1. Há gente com influência desproporcional no partido (gente que nunca ganhou umas autárquicas, mas que está sempre na mó de cima, controlando o dossier autárquico e «impondo» candidatos);
2. Há gente com peso excessivo na governação;
3. Há (no Governo) gente a quem tem faltado sensibilidade para execução do pensamento do PM;
4. Os dossiers Santa Catarina (de Santiago) e São Filipe (Fogo) foram mal geridos;
5. Há déficit de espaço para discussão aberta dos problemas do partido;
6. Há um Ministro (pelo menos) que desobedeceu ao PM, recusando-se a fazer campanha por ser desafecto do candidato que foi incumbido de ajudar;
7. A liderança do Sector Autónomo da Praia é fraca e tem responsabilidades nos resultados da eleição de 18 de Maio;
8. Se está fazendo asneiras na aerogare de São Filipe (e que elas jogam e jogarão contra o partido);
9. A condução desastrosa do dossier TACV terá dado alguma contribuição para a derrota de Felisberto Vieira;
10. JMN precisa estar melhor apoiado na organização do partido.

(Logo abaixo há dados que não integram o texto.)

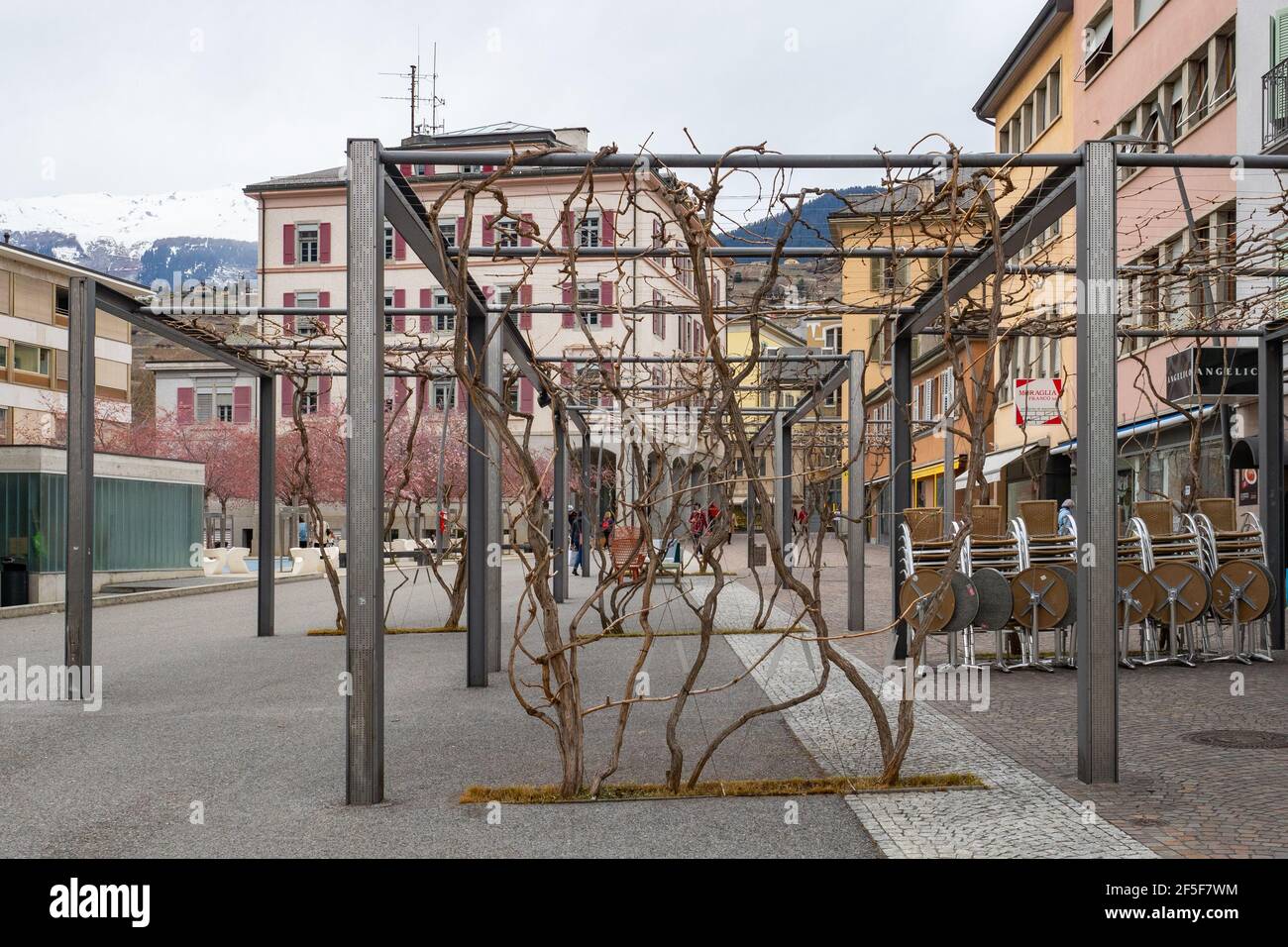 Sion, Svizzera - 13 marzo 2021: La vegetazione nella città. Rue de Rempart. Foto Stock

Parece não haver dúvidas de que JC quer uma nova «trindade» a governar o PAI e o país. E parece natural que ele seja um dos membros da «trindade», conquanto, justiça lhe seja feita, ele assim não se tenha posicionado em momento algum da entrevista.

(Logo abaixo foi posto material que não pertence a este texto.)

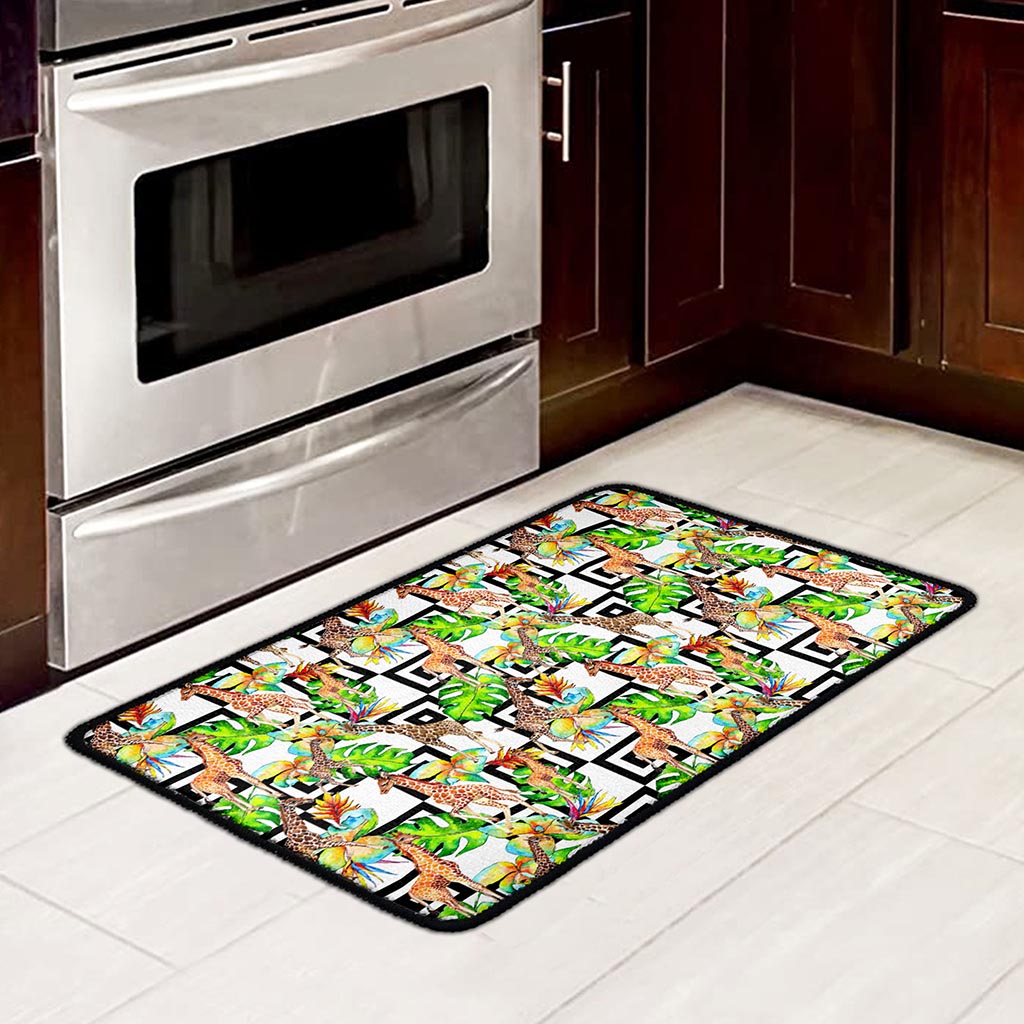 Exotic Tropical Giraffe Pattern Print Kitchen Mat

É natural porque, antes de mais, ele é dos poucos (quase o único) a quem não se pode debitar a derrota do PAI nesta ronda; depois porque, afinal, ele é JC (e caramba! quem melhor habilitado do que um JC para escorraçar os vendilhões do templo e para, em momento pós ressurreição, se apresentar sentado à direita do PAI?!).

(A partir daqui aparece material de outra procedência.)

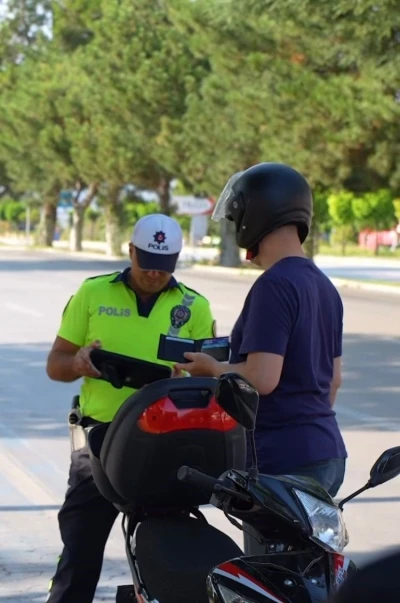 Polis ekiplerinden huzur uygulaması: 28 binden fazla kişi sorgulandı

O entrevistador, JVL, quis que JC desse o nome aos bois.
Mas precisava? Quem nunca ganhou uma eleição autárquica, mas que está sempre controlando o processo autárquico no PAI? Quem não tem tido a necessária sensibilidade para dar execução ao pensamento do PM? Quem responde politicamente pelas aerogares? Quem assumiu o controlo do dossier privatização dos TACV? Os pontos 1, 2, 3, 8 e 9, deste apontamento, apontam claramente para Manuel Inocêncio Sousa. Um alvo a ser reclassificado, no dizer de JC.
Os pontos 4 (dossiers Santa Catarina e São Filipe), 5 (déficit de democracia interna) e 10 (JMN mal secundado), interpelam claramente o triunvirato (Inocêncio/JMN/Basílio) que dirigiu o processo eleitoral, sendo certo que JC fez questão de sublinhar as EXCELSAS qualidades de JMN e de Basílio.
O ponto 6 questiona, inequivocamente, a permanência de Lívio Lopes no Governo e na cúpula do PAI. É voz corrente no país que Lopes se teria recusado a fazer campanha por Ungeno (contra quem já se posicionara em anteriores eleições autárquicas). Coerência por coerência, JC respeita a liberdade de escolha de Lopes mas é peremptório quanto à sua saída do Governo: ou SAI ou é SAÍDO.
O ponto 7 tem a ver com a prestação de José Maria de Pina. Nestas autárquicas e não só. JC afirma claramente que o PAI merece outra (mais forte) liderança na Praia, onde, diz ele, o partido é muito forte.
Diante disso, com ou sem Congresso, JMN, Primeiro-ministro e Presidente do PAI, vai ter que explicar muito bem porque carrega Inocêncio às costas. JC não é o primeiro dirigente tambarina a contestá-lo: os autarcas João Baptista Pereira e Felisberto Vieira (ambos, à moda tambarina, que é como quem diz, mais em compreensão do que em extensão), em momentos diferentes, apontaram o dedo ao Lorde das Infra-estruturas. JC espera ainda posicionamentos inequívocos de JMN em relação a Lívio Lopes e a José Maria de Pina (e seus pares do SUP do PAI).
E os conselheiros do PAI vão ser chamados para descodificar o que JC chama de DIVERSIFICAÇÃO DA LIDERANÇA, e implementá-la a tempo de terem a organização necessária e suficiente para dar corpo à estratégia a seguir até ao Congresso.